# Blank McAfee



## ShrutiBlue (Sep 11, 2008)

Hey,

I have searched the net and have found that many others have the same problem. But their problem isn't exactly like mine. Most of them have the problem because they use IE7, and everywhere the solution has been given for the same, but I use IE8, and still face the problem. The McAfee Security Center screen is blank. I tried reinstalling McAfee, but then the "Program Setup" that comes up each time I boot my computer is also blank.

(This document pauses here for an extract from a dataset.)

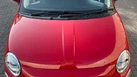 2019-fiat-500-12-lounge-ss-small-17
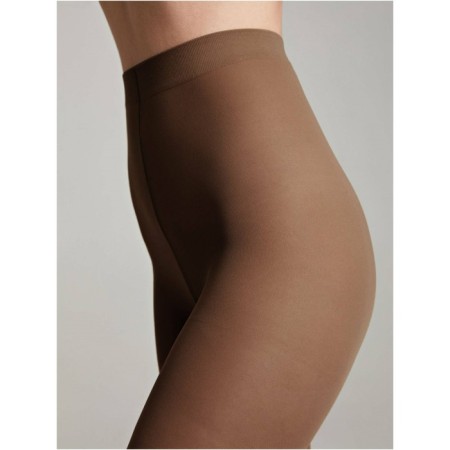 Women's tights Episode, size 4, color Shade-1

I have tried registering jbscript(or whatever the name is) and vbscript, but that doesn't work either. I used to have Google Chrome as well, but uninstalled it. Now I use Firefox (v3) for most browsing activities.

Any ideas?


----------



## johnwill (Sep 26, 2002)

I suspect that if it affects IE7, the same bug could also affect IE8. I'd contact McAfee support and see what they have to say.


----------



## ShrutiBlue (Sep 11, 2008)

Thanks for the reply. I've got it working now. :grin:
Uninstalled IE8 and it worked.


----------



## johnwill (Sep 26, 2002)

*Re: [SOLVED] Blank McAfee*

Thanks for the feedback.


----------



## MikeOliverAZ (Sep 14, 2008)

ShrutiBlue said:


> Thanks for the reply. I've got it working now. :grin:
> Uninstalled IE8 and it worked.


How did you uninstall IE8? I tried using the Add Remove control panel and it it didn't uninstall.


----------



## qbawl (Feb 27, 2007)

So the cause of your problem was a conflict between IE8 and McAfee? I've heard lots of stories about issues with IE over the years, but this is new to me. Reminds me again, of the reasons I switched to FF when it first became available and why I haven't used IE except for Windows updates in years. To be fair though, IE8 still is in beta, no? 

Glad you've got this sorted out.


----------